Geoffrey Alison has served as a Director of the Company since April 26, 2007. Mr. Alison will become the Company’s President, Secretary and Treasurer on the Effective Date. Mr. Alison has been a registered member of the National Association of Securities Dealers since 1999 and has worked as a General Securities Principal for various securities firms including Stock USA, Inc. (January 1999 - October 2001) and Assent, LLC (November 2001 - August 2004). From September 2004 through the present date, Mr. Alison has been a registered General Securities Principal with ECHOtrade, a Philadelphia Exchange member firm, as a securities trader for his own capital and benefit. From July 2003 through January 2005, he served as Chief Financial Officer, Secretary and a director of Intrac, Inc. (OTCBB:ITRD); from January 2005 through January 2006, he served as President, Secretary and a director of Cape Coastal Trading Corporation (OTCBB:CCTR); from March 2005 through June 2006, he served as President, Secretary and a director of Castle & Morgan Holdings, Inc. (OTCBB:CSMH) and he has served as President, Secretary and a director of SMI Products, Inc. (OTCBB:SMIP) since August 2006. In October, 2002, Mr. Alison co-created Greenvest Industries, Inc. which manufactures pet products under the brand name Happy Tails Pet Beds. Mr. Alison is currently President and CEO of Greenvest Industries, Inc.
LEGAL PROCEEDINGS
CERTAIN RELATIONSHIPS AND RELATED TRANSACTIONS
Except with respect to the Stock Purchase Agreement and the transaction described below, none of the Company’s directors or officers, nor any incoming director, nor any person who beneficially owns, directly or indirectly, shares carrying more than 10% of the voting rights attached to the Company’s outstanding shares, nor any of the Company’s promoters, nor any relative or spouse of any of the foregoing persons has any material interest, direct or indirect, in any transaction for the past two years or in any presently proposed transaction to which the Company was or is to be party. None of the Company’s directors or officers, nor any incoming director is indebted to the Company.

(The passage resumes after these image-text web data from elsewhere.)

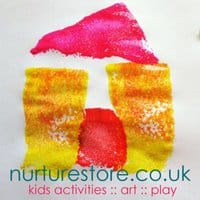 nurturestore button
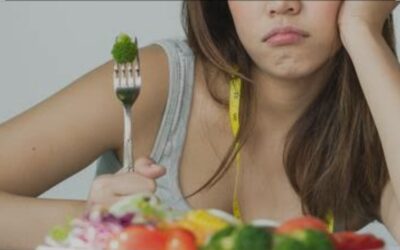 Trastornos alimentarios ponen en riesgo la vida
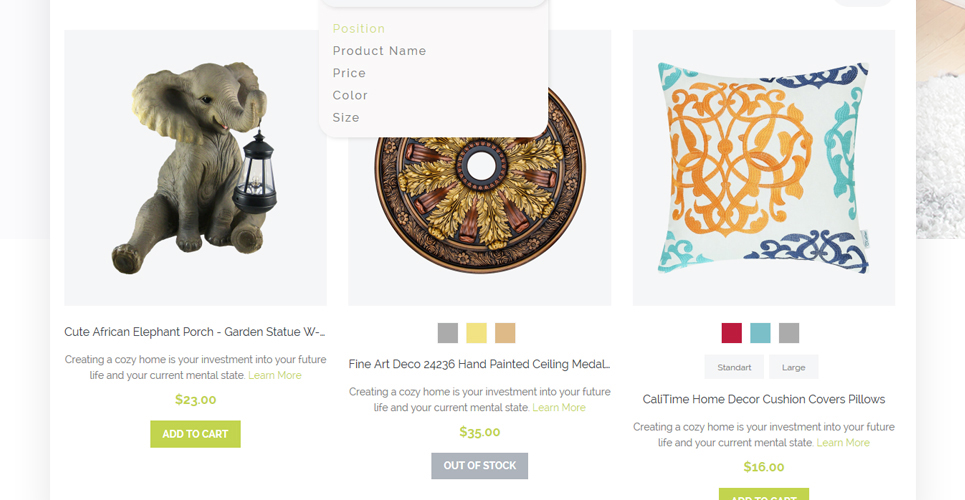 home decor responsive magento 2 theme magento theme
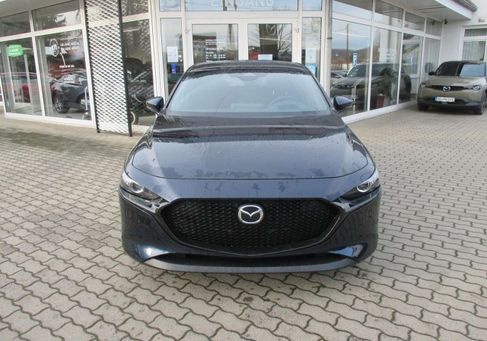 Mazda 3, 2025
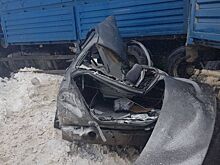 Два человека погибли в ДТП в Смоленской области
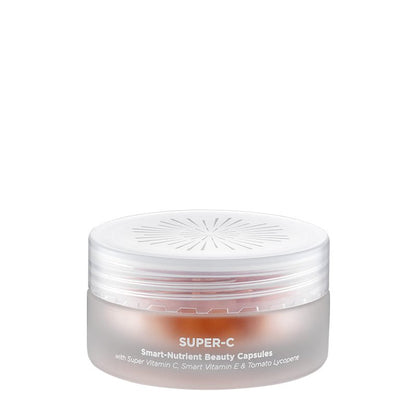 Super-C Smart-Nutrient Beauty Capsules 60 Capsules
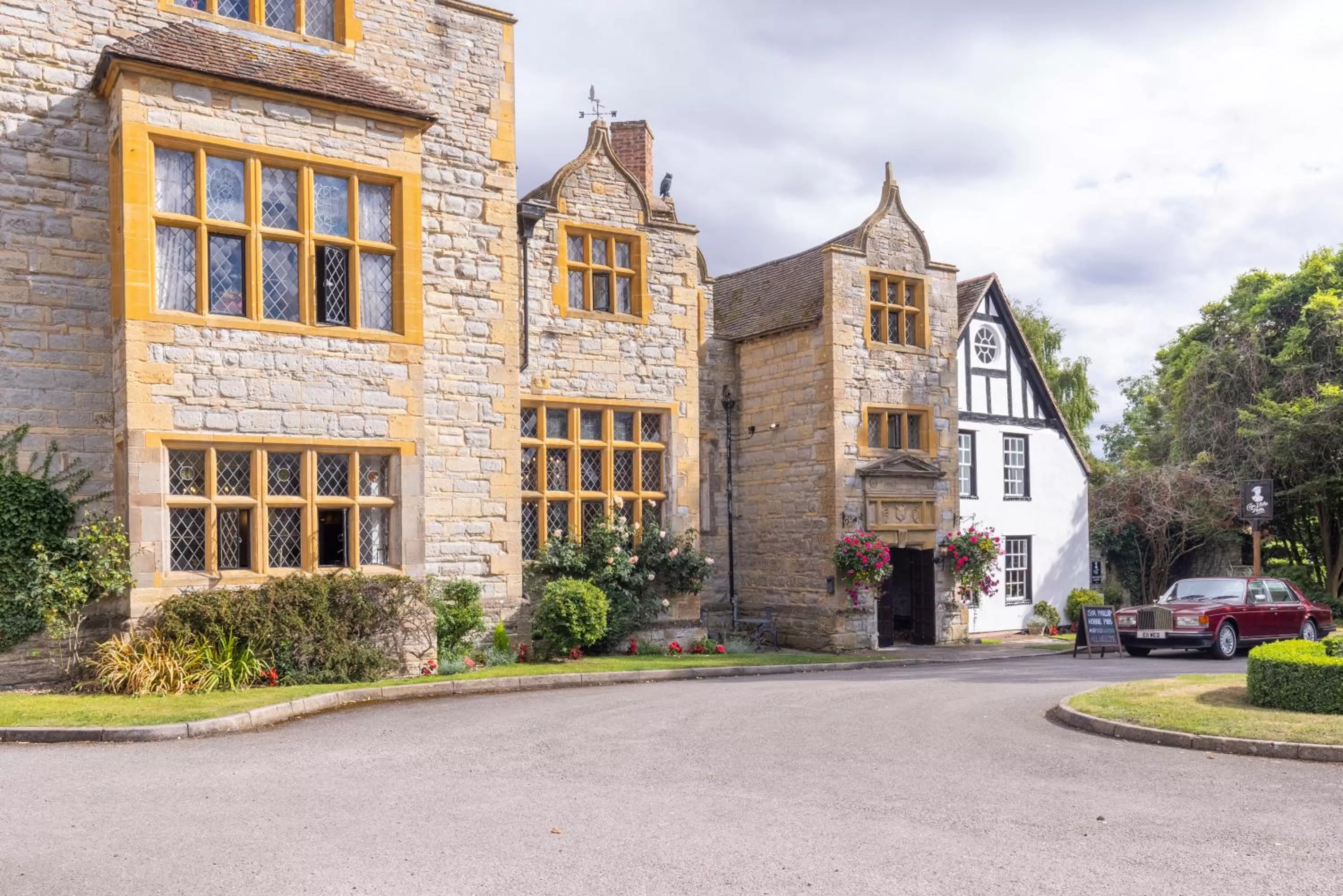 Karma Salford Hall Hotel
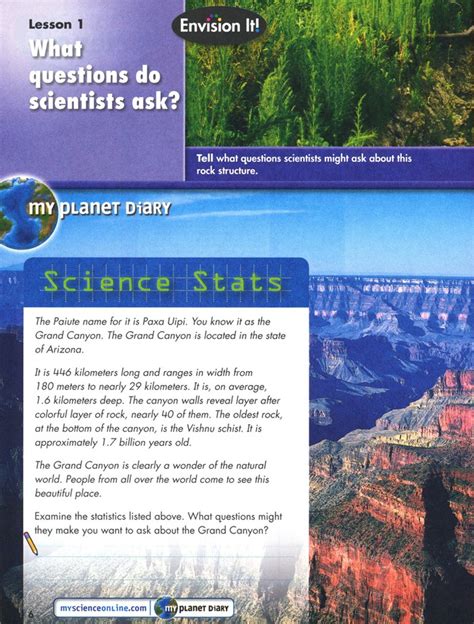 Pearson Interactive Science Grade 4 Workbook Ebook Reader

BOARD OF DIRECTORS’ MEETINGS AND COMMITTEES
The Company presently does not have an audit committee, compensation committee or nominating committee or committee performing similar functions, as the management of the Company believes that until this point it has been premature at the early stage of the Company’s management and business development to form an audit, compensation or nominating committee. However, the new management of the Company plans to form an audit, compensation and nominating committee in the near future. The Company envisions that the audit committee will be primarily responsible for reviewing the services performed by the Company’s independent auditors and evaluating its accounting policies and system of internal controls. The Company envisions that the compensation committee will be primarily responsible for reviewing and approving the Company’s salary and benefits policies (including stock options) and other compensation of the Company’s executive officers. Until these committees are established, these decisions will continue to be made by the Board of Directors. Although the Board of Directors has not established any minimum qualifications for director candidates, when considering potential director candidates, the Board of Directors considers the candidate’s character, judgment, skills and experience in the context of the needs of the Company and the Board of Directors.
The Company does not have an audit committee charter or a charter governing the nominating process. The members of the Board of Directors, who perform the functions of a nominating committee, are not independent because they are also officers of the Company. The determination of independence of directors has been made using the definition of “independent director” contained under Rule 4200(a)(15) of the Rules of National Association of Securities Dealers. There has not been any defined policy or procedure requirements for stockholders to submit recommendations or nomination for directors. The Board of Directors does not believe that a defined policy with regard to the consideration of candidates recommended by stockholders is necessary at this time because, given the early stages of the Company’s development, a specific nominating policy would be premature and of little assistance until the Company’s business operations are at a more advanced level.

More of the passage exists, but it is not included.